=== DIRECTIONS ===
Start at the line with "臺灣317st-t3f熱動力式法蘭疏水閥 臺灣317st" in the records below, stop at the line with "Платок Славяна шир.", and return every line in that span exactly, the two end lines included.

=== DATA FOR THE TASK ===
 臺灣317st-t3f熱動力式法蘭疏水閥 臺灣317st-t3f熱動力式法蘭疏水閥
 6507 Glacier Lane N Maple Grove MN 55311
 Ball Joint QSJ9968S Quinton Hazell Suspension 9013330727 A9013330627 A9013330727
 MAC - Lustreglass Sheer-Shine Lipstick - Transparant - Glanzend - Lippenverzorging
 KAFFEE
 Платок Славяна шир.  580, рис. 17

* * *

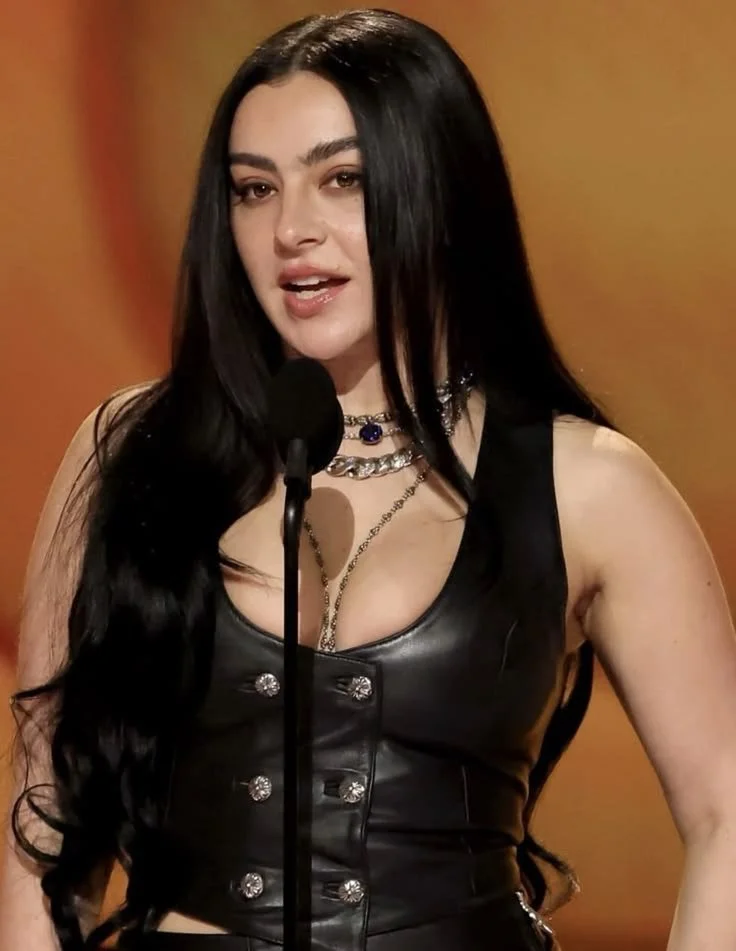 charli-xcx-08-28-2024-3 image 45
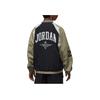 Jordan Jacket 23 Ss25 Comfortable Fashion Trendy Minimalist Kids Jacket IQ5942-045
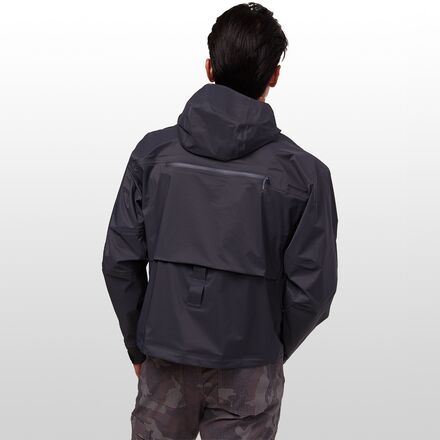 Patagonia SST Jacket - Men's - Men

=== EXERCISE RESULT ===
 臺灣317st-t3f熱動力式法蘭疏水閥 臺灣317st-t3f熱動力式法蘭疏水閥
 6507 Glacier Lane N Maple Grove MN 55311
 Ball Joint QSJ9968S Quinton Hazell Suspension 9013330727 A9013330627 A9013330727
 MAC - Lustreglass Sheer-Shine Lipstick - Transparant - Glanzend - Lippenverzorging
 KAFFEE
 Платок Славяна шир.  580, рис. 17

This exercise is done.